**What is expected:** Return the lines below exactly, please, from the one containing "Two Hikers On" through the last one, both included, and leave out any pictures.

**Excerpted records:**
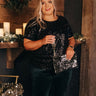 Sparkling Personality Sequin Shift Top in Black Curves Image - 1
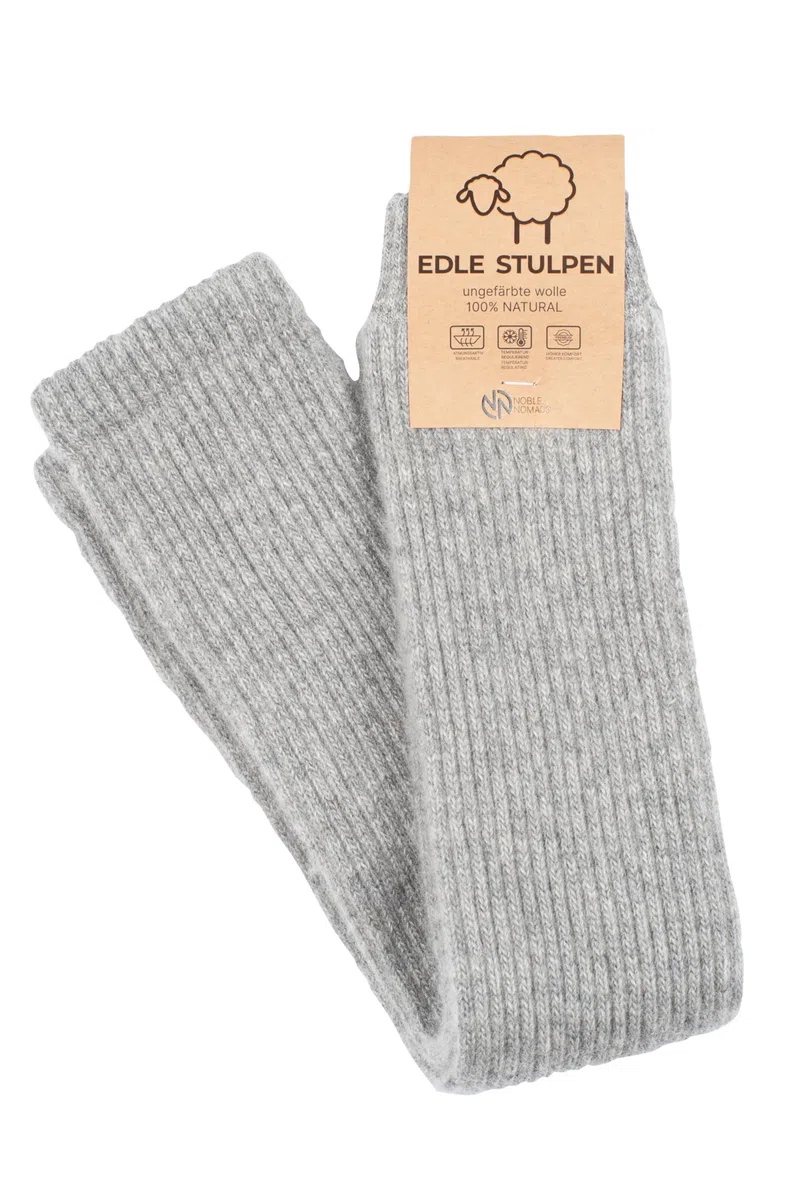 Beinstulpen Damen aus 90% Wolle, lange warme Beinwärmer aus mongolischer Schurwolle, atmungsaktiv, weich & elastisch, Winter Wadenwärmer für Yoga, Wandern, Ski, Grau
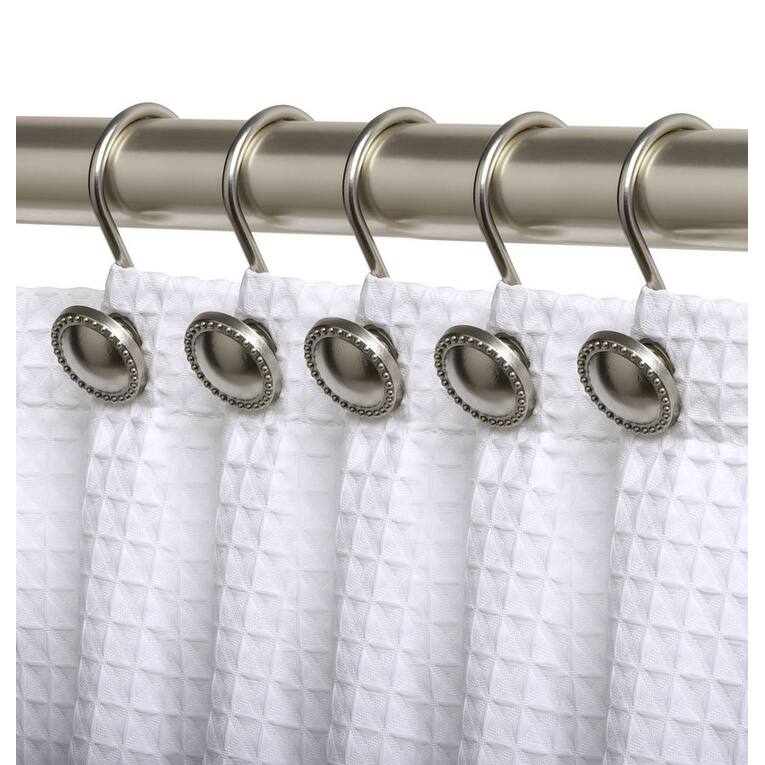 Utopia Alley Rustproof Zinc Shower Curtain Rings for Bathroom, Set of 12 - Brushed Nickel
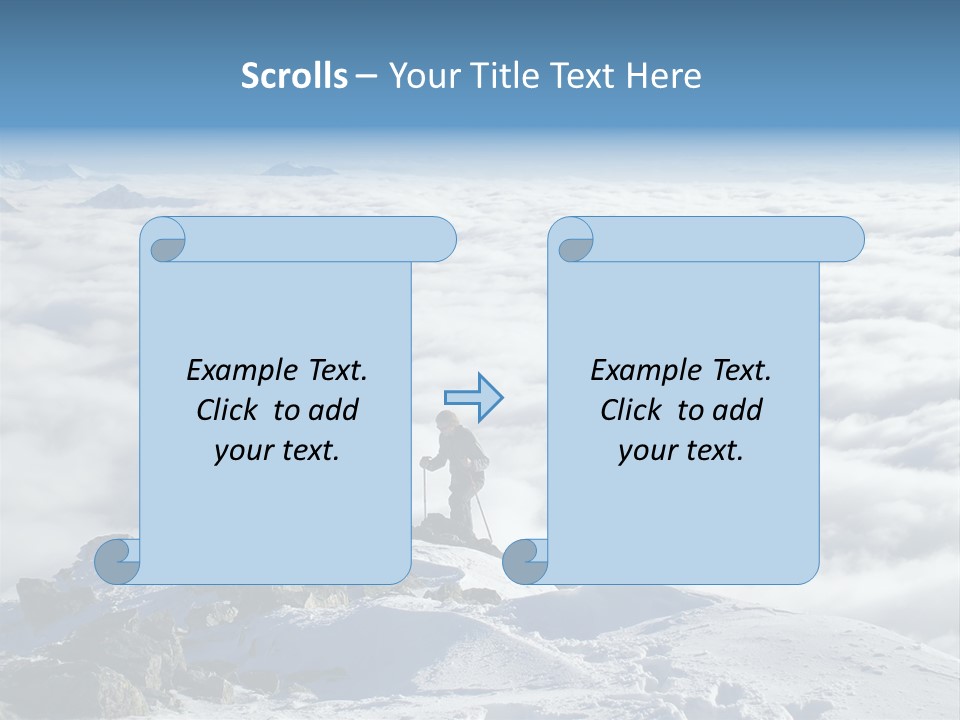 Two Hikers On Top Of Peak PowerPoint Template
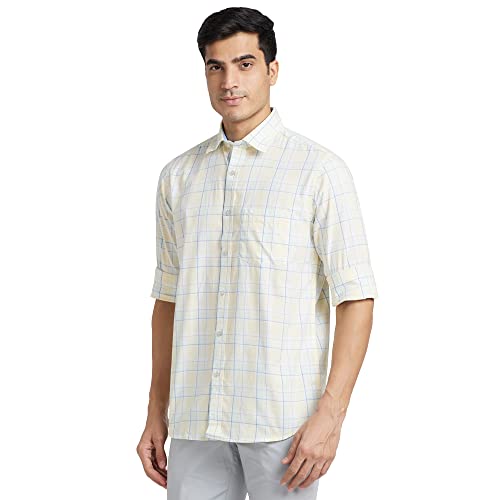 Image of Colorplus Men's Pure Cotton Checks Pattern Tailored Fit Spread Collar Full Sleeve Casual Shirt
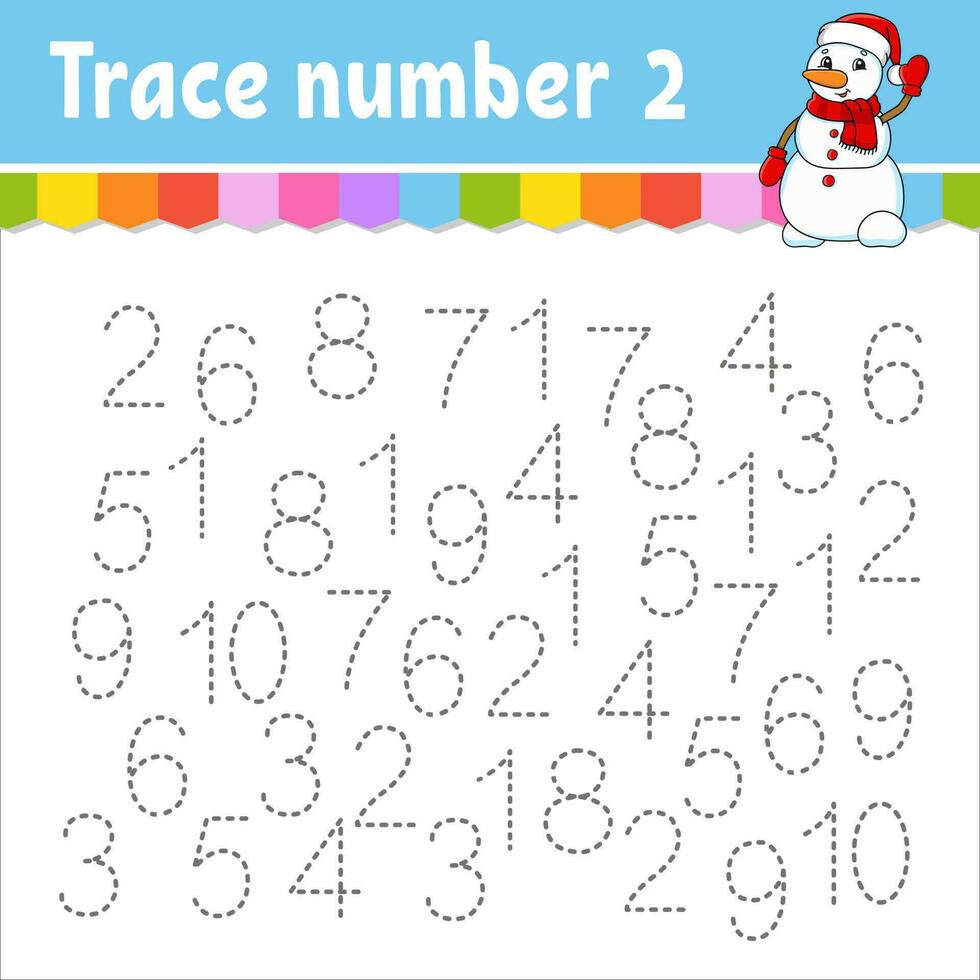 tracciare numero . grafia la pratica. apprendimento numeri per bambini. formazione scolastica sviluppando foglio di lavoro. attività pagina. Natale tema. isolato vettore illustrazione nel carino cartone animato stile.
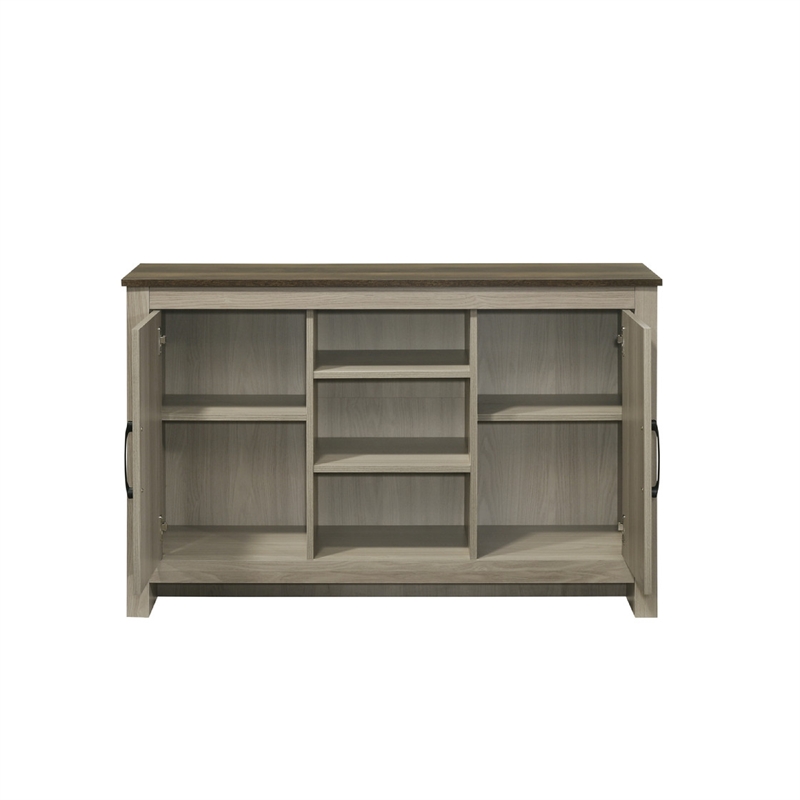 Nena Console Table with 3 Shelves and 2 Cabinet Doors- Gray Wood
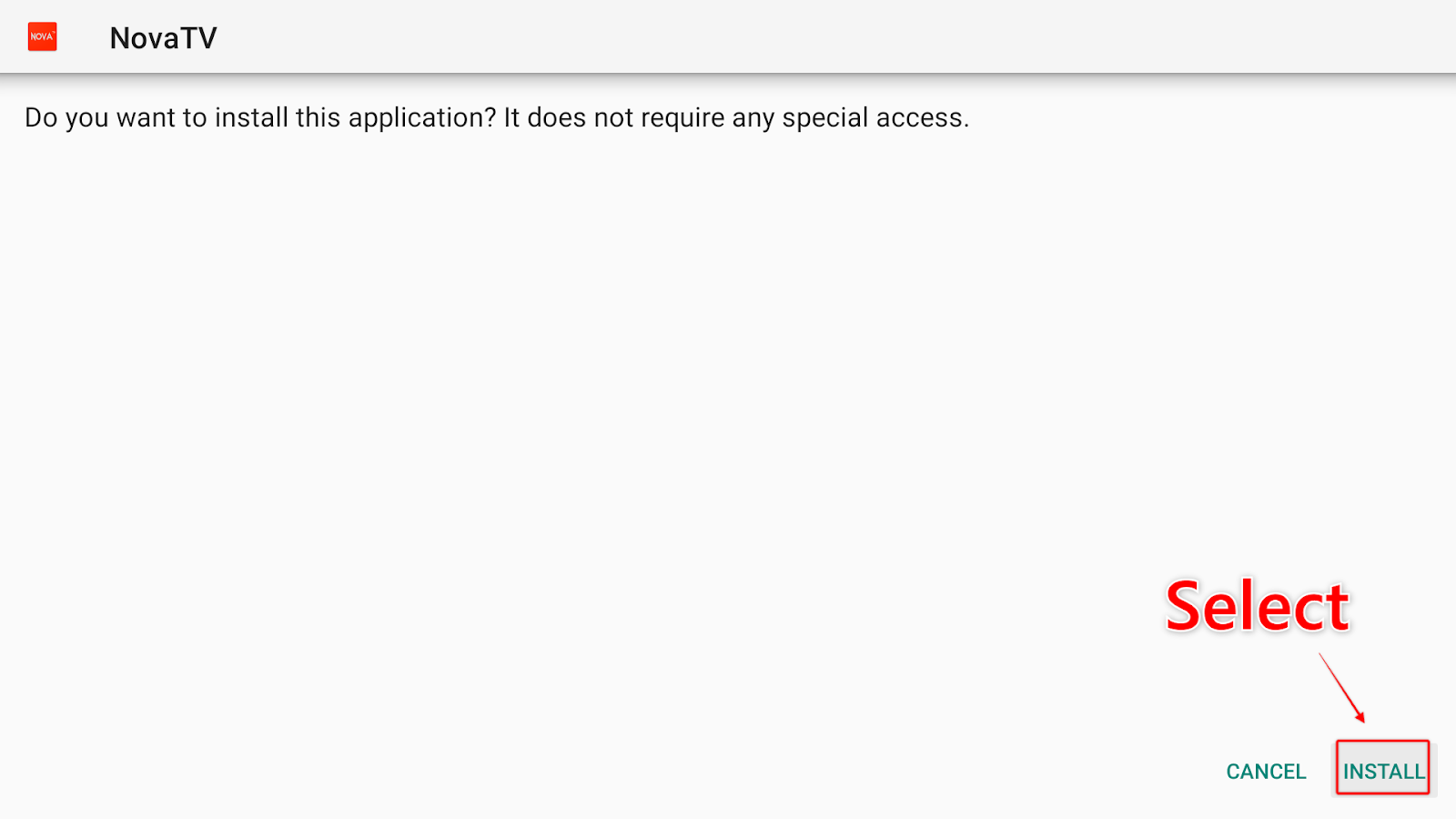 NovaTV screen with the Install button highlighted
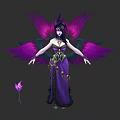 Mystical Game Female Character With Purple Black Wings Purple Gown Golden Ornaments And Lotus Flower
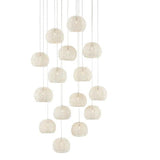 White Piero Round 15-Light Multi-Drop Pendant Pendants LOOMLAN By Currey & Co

**Answer to this problem:**
 Two Hikers On Top Of Peak PowerPoint Template
 Image of Colorplus Men's Pure Cotton Checks Pattern Tailored Fit Spread Collar Full Sleeve Casual Shirt
 tracciare numero . grafia la pratica. apprendimento numeri per bambini. formazione scolastica sviluppando foglio di lavoro. attività pagina. Natale tema. isolato vettore illustrazione nel carino cartone animato stile.
 Nena Console Table with 3 Shelves and 2 Cabinet Doors- Gray Wood
 NovaTV screen with the Install button highlighted
 Mystical Game Female Character With Purple Black Wings Purple Gown Golden Ornaments And Lotus Flower
 White Piero Round 15-Light Multi-Drop Pendant Pendants LOOMLAN By Currey & Co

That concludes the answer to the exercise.